### Extracted entries

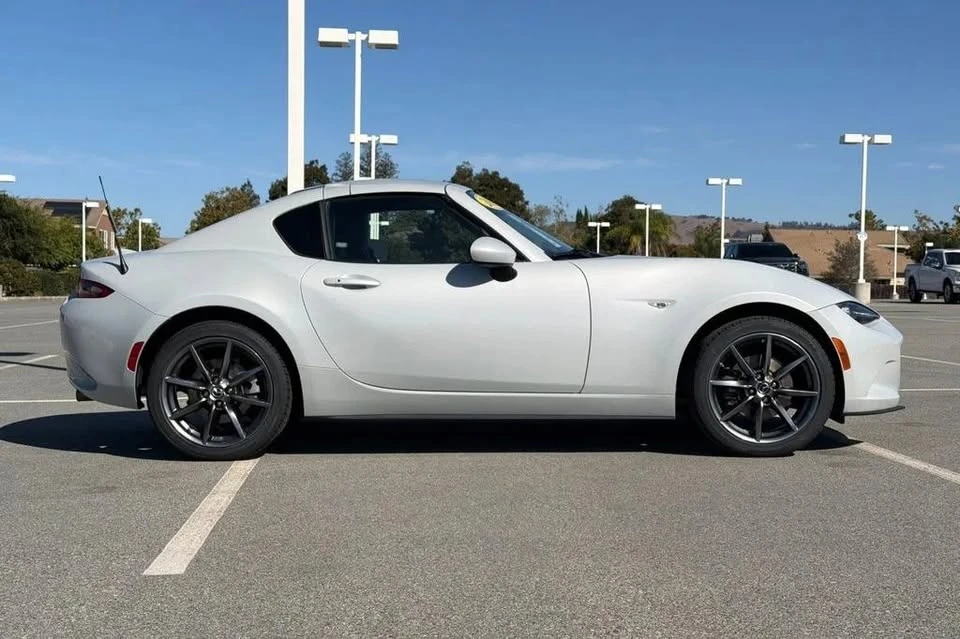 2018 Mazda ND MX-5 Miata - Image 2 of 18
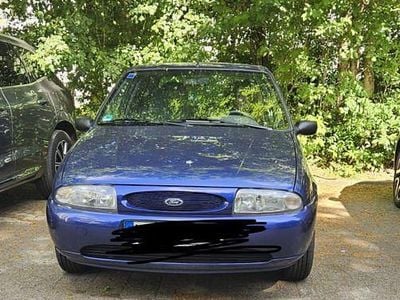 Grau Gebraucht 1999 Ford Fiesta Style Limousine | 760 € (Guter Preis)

######
### Extracted entries

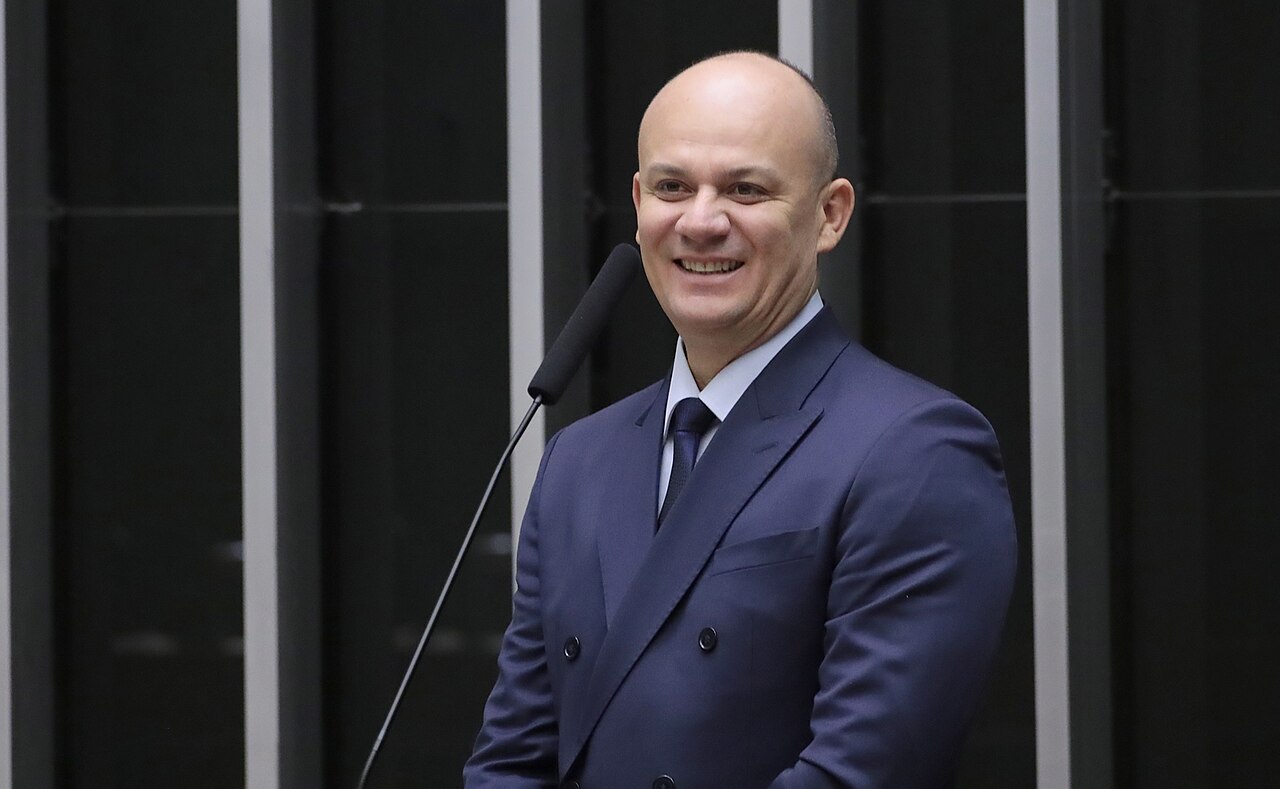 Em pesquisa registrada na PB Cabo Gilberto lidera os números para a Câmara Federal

######

Assignment:
Above are some records; extract exactly the lines from the one containing "2018 Mazda ND MX-5 Miata - Image 2 of 18" through the one containing "Grau Gebraucht 1999" and drop the pictures.

Task answer:
 2018 Mazda ND MX-5 Miata - Image 2 of 18
 Grau Gebraucht 1999 Ford Fiesta Style Limousine | 760 € (Guter Preis)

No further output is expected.